In the news business, there’s often a drive to be first. The first to report a story, the first to call an important source, the first to break big news. But sometimes, that desire to be first can come at the expense of accuracy, and so every journalism professor instills in their students that it’s better to be last and accurate than first and wrong.
Certainly, that’s a good mantra. In the case of The Daily Evening Item in 1993, the reporter was not wrong — just early.
Item reporter Tom Dalton’s headline declares “Marblehead woman may be top cop” and, in a sub-headline, “O’Toole considered for Boston opening.” The O’Toole he’s referencing is Kathleen M. O’Toole, a 1972 graduate of Marblehead High School and a lieutenant colonel in the Massachusetts State Police. The top cop job in question is that of Boston Police commissioner — according to Dalton, O’Toole was in the running to replace Police Commissioner William Bratton in the state’s largest city.
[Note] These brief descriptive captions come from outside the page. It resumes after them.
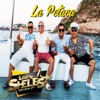 La Petaca - Single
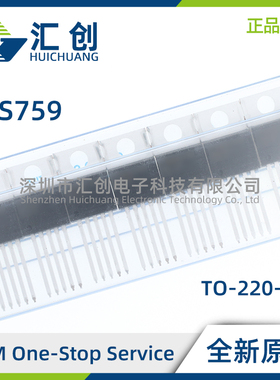 TPS75901 75915 75918 75925 75933 KC KTTR 超低压降稳压器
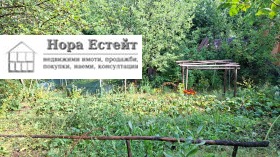 ������� ���� | Imot.bg � ����� ������ 3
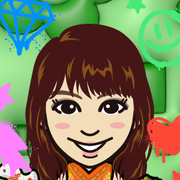 arisaHARU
O’Toole, who at the time ran special operations for the State Police, declined interviews, but yet her name kept popping up.
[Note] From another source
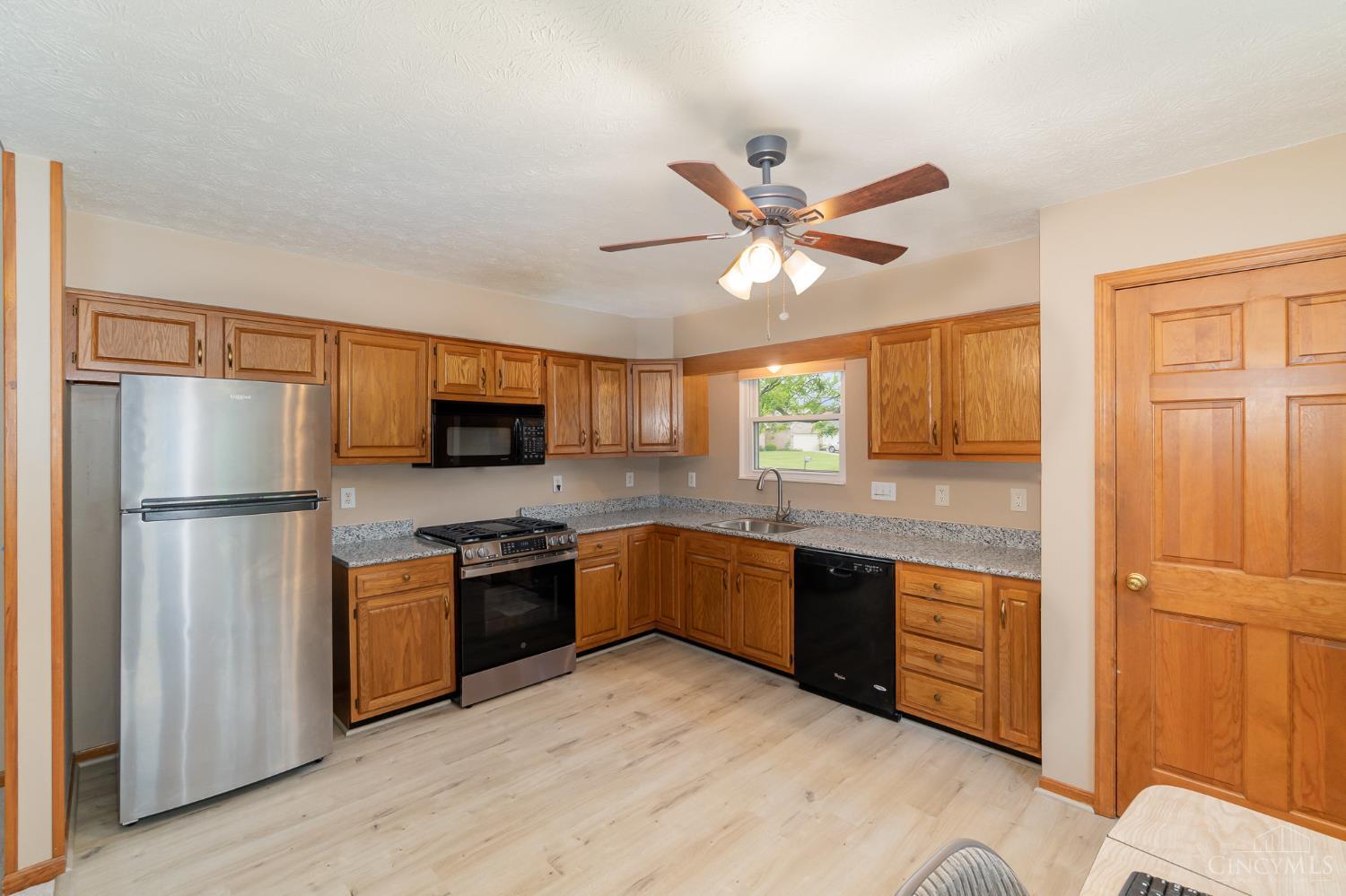 4560 Pond Meadows Court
“She just thinks it’s too premature now even to get into the mix,” State Police spokesman Larry Gillis is quoted as saying. “She is not an announced or unannounced candidate.”
While O’Toole didn’t take the job in 1993 — she did a decade letter.
According to her LinkedIn page, O’Toole remained at the State Police until 1999, including a stint as the secretary of public safety from 1994 to 1998. Then, in February 2004, she took the Boston job she had been rumored for a decade earlier, serving until May 2006. She later served as a chief inspector in Dublin, Ireland and chief of police in Seattle, Wash. Now, O’Toole is a partner at 21st Century Policing Solutions, LLC, and the president of O’Toole Associates LLC, a post she has held since August 2000.
So, Dalton’s story was correct — he was not just a few minutes or days early, but a full decade. Maybe a future edition of this column will analyze his ability to apparently see the future.